If this was a normal play I would have left feeling bewildered, frustrated and disappointed. However, I was enthralled from start to finish.

The Box is not a tragedy, nor a musical, nor a play. Attraction have completely transformed the traditional theatrical space. In a performance where there is no speech and no physical characterisation, fundamental values such as plot and structure become irrelevant, thus, placing the emphasis on the human experience of both the characters and audience.

The daughter, for example, is clearly getting bullied at school is one scene. A crowd of classmates steal her backpack, tip it upside down, and laugh - much to the daughter's humiliation. This is obviously a stereotypical narrative - however, given that shadow performance omits both dialogue and facial expression - her humiliation is expressed in a completely non-stereotypical manner: through shape. The dancers elegantly form a tower of large fingers twice her size, all are pointing down towards her from different directions. The impact is clear and dramatic and our empathy is magnified.

Another emotionally pungent moment is the death of the soldier, after which the stage becomes an array of candles. Then, the dancers gracefully morph into one large candle stage and somehow manage to make it look as if wax is slowly dripping from as it flickers ominously.

The candle then morphs into a large eye from which tears slowly and beautifully fall - this is mourning personified. Every movement on stage is so elegant and seamless - it's very easy to forget that every shape we see, from war tanks to blooming flowers, derives exclusively from human movement. One could argue that Attraction are stripping theatre back completely and that within this purity of form, emotion prevails.

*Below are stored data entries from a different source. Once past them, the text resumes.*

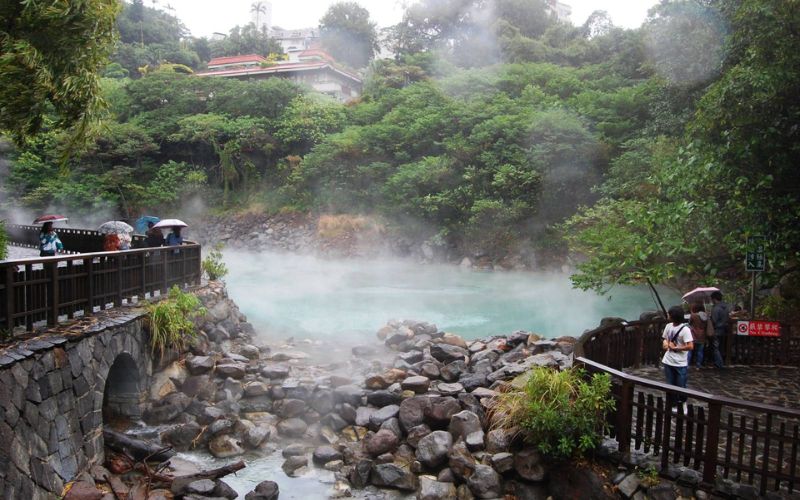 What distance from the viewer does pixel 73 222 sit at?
37188 millimetres

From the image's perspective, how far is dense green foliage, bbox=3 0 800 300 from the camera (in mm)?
12594

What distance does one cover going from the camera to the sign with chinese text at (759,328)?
1060 cm

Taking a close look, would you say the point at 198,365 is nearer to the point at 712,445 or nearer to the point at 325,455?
the point at 325,455

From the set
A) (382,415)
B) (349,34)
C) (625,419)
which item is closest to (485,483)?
(625,419)

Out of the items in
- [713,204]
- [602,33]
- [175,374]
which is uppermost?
[602,33]

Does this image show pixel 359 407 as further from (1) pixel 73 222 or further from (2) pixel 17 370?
(1) pixel 73 222

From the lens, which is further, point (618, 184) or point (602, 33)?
point (602, 33)

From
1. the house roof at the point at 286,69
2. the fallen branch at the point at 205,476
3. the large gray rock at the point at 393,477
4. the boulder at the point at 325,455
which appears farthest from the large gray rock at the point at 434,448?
the house roof at the point at 286,69

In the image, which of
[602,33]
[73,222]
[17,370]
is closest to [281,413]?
[17,370]

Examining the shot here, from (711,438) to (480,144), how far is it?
2658 centimetres

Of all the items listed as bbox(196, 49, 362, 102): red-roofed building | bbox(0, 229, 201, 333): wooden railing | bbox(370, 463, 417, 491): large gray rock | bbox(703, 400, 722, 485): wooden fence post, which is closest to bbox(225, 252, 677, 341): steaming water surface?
bbox(0, 229, 201, 333): wooden railing

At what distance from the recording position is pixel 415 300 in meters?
21.8

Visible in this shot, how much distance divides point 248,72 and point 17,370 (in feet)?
146

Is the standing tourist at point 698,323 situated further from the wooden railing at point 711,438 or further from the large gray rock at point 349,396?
the large gray rock at point 349,396
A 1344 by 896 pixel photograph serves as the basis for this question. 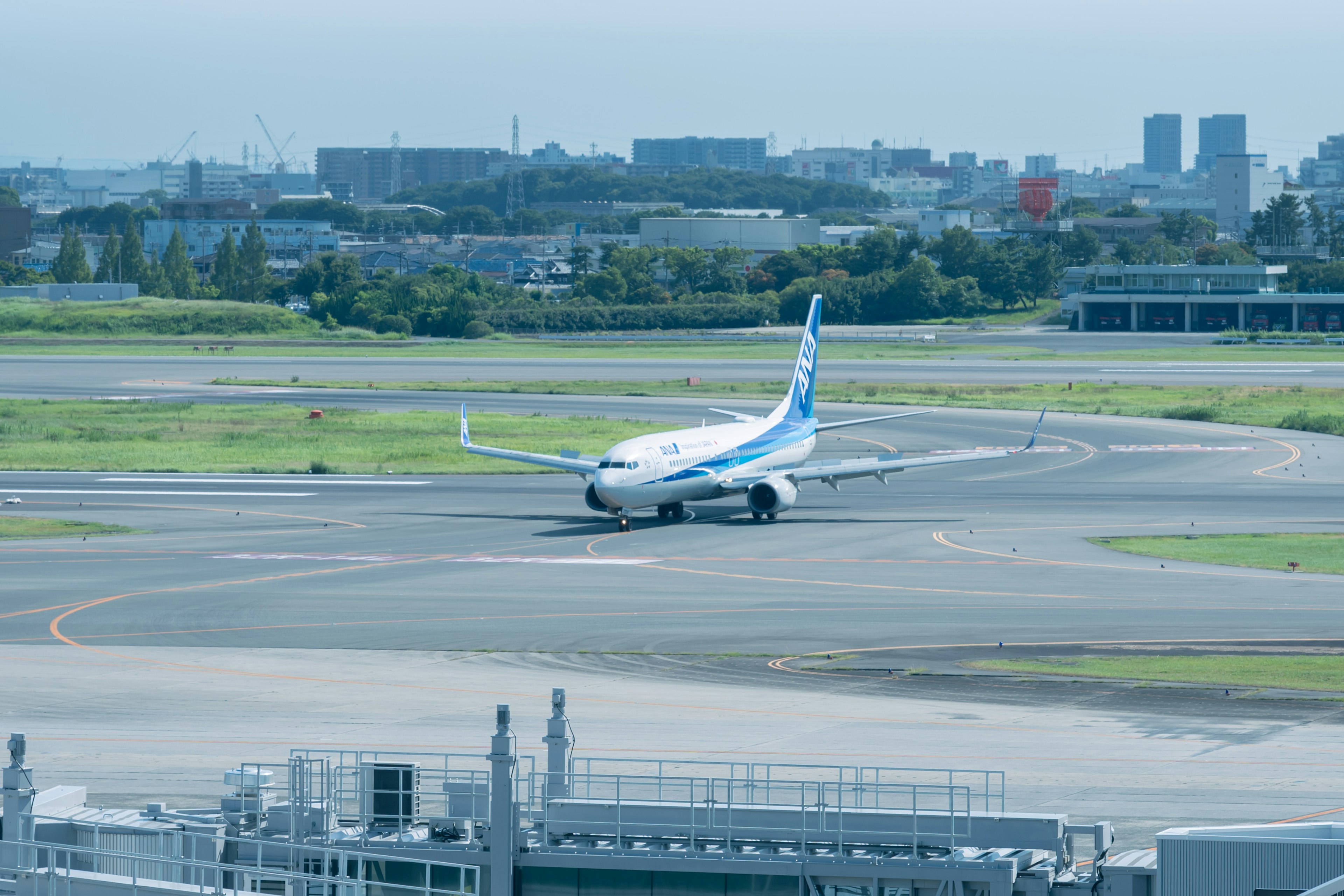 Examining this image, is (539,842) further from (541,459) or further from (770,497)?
(541,459)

Obviously, there are challenges with this kind of performance: how can you distinguish characters from one another when they are all shadows? It is how Attraction overcome these kind of challenges that make them so unique; what would typically be conveyed through action and dialogue is evoked through shape, music and movement. The kidnappers for example, are identified by their hats, sunglasses and cigarettes. When they enter the cafe, their shadows are three times the size than those of the couple - this instantly identifies their superiority in power.

The only visually distinctive factor between the two leading female characters was their hair styles - the mother was defined by her pony tail, her daughter - by pigtails. This establishes their relationship whilst also distinguishing them as individuals.

There is something so compelling about this unique form of storytelling that there could frankly be no storyline and it would still be entertaining to watch.

While the story undeniably lacked structure, the very nature of Attraction's performance was completely captivating - shadow performance takes theatre to another level by creating endless opportunities for storytelling that transcends the restrictions of traditional theatre.